Brown’s failure to file a response to the Bank’s summary-judgment motion limits the
scope of the arguments Brown can make on the merits of the summary-judgment ruling.
Specifically, he is limited to “an attack on the legal sufficiency of the grounds expressly raised
by the movant” in the motion. City of Houston v. Clear Creek Basin Auth., 589 S.W.2d 671, 678
(Tex. 1979). No other grounds for reversal may be raised. Id.; see also Teter v. Comm’n for
Lawyer Discipline, 261 S.W.3d 796, 799 (Tex. App.—Dallas 2008, no pet.) (“If the nonmovant
does not file a response to the motion for summary judgment, on appeal he may attack only the
legal sufficiency of the evidence to support summary judgment.”).
1. Attacks on the Bank’s summary-judgment evidence
Within his first issue, Brown attacks the admissibility of some of the Bank’s summary-
judgment evidence. He did not object to any of the Bank’s evidence in the trial court.
Accordingly, any objections to the form of the Bank’s affidavit and attachments have been
waived.
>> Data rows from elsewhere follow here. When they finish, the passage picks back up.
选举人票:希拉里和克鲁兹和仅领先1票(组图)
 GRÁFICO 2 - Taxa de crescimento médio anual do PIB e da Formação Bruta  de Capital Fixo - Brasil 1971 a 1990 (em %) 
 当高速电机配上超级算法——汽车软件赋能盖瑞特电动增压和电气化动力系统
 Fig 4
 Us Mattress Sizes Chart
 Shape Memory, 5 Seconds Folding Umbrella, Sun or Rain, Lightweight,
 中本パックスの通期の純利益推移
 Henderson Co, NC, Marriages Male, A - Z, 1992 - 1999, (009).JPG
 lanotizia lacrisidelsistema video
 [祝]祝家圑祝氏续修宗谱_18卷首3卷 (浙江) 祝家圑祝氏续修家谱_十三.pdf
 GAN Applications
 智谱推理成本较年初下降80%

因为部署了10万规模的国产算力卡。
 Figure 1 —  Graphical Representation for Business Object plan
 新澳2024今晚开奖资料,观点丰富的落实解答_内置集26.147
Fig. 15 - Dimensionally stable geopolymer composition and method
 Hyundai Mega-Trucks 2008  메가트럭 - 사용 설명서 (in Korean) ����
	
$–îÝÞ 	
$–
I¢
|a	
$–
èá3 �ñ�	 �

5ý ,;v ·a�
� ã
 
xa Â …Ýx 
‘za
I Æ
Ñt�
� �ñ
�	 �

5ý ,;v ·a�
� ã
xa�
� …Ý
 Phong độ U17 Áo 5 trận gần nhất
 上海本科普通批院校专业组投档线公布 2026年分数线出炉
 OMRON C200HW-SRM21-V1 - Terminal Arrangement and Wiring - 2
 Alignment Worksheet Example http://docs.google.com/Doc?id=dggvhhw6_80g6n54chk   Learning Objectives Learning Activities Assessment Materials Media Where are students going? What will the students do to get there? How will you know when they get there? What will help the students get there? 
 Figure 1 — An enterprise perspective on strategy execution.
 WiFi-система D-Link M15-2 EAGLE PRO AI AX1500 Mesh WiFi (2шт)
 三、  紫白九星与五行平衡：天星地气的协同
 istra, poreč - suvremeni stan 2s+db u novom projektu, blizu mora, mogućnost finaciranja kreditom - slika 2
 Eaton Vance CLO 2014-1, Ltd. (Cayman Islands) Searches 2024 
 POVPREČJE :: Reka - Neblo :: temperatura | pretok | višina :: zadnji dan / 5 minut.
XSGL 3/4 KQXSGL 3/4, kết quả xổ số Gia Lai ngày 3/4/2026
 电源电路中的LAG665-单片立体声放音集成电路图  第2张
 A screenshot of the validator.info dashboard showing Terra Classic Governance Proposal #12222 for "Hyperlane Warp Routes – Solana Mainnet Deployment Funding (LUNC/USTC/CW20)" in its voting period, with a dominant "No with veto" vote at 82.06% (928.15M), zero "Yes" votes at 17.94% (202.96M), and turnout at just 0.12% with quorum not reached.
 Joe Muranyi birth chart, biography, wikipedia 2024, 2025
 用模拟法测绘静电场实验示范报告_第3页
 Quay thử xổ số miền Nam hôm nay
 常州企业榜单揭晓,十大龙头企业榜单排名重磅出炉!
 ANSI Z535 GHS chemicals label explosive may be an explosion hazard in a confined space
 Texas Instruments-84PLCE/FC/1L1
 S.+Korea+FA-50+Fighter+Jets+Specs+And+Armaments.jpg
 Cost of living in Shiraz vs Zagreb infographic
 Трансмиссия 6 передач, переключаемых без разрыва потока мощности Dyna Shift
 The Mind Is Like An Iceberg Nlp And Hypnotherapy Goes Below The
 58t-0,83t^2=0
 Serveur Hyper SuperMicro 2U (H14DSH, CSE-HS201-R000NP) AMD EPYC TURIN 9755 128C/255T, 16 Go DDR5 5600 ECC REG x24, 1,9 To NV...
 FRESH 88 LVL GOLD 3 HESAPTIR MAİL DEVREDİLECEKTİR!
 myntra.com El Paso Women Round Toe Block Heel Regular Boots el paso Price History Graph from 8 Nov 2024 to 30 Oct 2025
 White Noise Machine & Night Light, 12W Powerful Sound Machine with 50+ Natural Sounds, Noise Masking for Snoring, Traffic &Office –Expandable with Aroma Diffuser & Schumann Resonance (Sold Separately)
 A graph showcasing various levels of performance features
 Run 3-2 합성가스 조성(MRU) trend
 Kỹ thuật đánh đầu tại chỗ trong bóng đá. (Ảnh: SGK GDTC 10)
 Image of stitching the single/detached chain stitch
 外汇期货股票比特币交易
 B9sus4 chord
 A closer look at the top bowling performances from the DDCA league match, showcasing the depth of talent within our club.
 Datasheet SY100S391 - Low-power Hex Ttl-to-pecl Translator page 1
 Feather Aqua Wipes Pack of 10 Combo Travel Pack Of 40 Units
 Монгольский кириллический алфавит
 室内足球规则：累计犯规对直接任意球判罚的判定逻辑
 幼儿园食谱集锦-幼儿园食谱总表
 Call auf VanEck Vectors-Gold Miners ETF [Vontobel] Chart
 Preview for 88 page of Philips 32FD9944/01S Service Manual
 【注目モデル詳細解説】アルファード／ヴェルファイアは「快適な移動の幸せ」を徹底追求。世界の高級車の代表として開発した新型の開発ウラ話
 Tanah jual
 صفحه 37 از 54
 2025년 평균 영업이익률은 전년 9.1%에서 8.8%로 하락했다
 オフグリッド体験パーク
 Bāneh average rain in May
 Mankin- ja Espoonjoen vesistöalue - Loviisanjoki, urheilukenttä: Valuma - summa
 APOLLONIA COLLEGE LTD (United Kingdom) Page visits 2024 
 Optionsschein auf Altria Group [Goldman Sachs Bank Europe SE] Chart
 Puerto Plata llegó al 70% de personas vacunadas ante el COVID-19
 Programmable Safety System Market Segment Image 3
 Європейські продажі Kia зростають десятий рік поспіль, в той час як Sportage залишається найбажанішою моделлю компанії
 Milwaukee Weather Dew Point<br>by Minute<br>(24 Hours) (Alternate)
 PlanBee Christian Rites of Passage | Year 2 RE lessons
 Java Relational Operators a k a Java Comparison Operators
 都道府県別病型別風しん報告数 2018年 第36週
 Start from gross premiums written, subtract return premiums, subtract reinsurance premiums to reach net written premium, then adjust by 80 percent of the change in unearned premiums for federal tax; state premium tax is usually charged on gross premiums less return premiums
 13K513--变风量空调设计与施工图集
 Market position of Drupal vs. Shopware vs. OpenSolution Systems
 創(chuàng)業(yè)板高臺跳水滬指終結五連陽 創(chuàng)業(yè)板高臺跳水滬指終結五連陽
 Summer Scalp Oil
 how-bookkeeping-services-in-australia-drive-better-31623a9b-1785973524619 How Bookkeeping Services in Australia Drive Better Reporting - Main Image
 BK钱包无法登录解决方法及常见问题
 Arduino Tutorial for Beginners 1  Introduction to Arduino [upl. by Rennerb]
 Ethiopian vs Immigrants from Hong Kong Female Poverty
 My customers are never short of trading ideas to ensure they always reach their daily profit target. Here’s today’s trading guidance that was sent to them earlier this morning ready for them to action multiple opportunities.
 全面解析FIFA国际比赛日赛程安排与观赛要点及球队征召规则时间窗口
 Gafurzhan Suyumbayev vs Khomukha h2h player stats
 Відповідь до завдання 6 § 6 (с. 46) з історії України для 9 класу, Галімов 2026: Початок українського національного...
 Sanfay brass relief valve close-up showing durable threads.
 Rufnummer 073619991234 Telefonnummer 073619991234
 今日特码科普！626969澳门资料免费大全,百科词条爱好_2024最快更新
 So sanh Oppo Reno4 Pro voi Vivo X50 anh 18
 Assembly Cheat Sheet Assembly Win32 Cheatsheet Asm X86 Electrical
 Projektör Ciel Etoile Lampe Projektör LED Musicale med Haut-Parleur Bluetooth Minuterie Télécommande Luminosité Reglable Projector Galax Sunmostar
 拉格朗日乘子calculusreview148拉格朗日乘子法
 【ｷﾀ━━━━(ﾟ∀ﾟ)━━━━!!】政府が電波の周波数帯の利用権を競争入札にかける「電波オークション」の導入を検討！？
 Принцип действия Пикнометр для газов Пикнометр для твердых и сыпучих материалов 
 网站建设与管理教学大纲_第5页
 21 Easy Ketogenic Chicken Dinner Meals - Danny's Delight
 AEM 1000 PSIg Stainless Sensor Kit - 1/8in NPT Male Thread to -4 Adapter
See TEX. R. CIV. P. 166a(f); DMC Valley Ranch, L.L.C. v. HPSC, Inc., 315 S.W.3d 898,
905 (Tex. App.—Dallas 2010, no pet.).
The Bank attached six documents to its motion for summary judgment: (1) an affidavit by
Bank of America assistant vice president Stephanie Buchanan, (2) a 1987 deed conveying the
property to Brown, (3) a 2008 home equity security instrument executed by Brown, (4) a 2008
home equity note executed by Brown, (5) an assignment of the note and deed of trust to the
Bank, and (6) a 2010 letter from the Bank to Brown notifying him that his loan was in default.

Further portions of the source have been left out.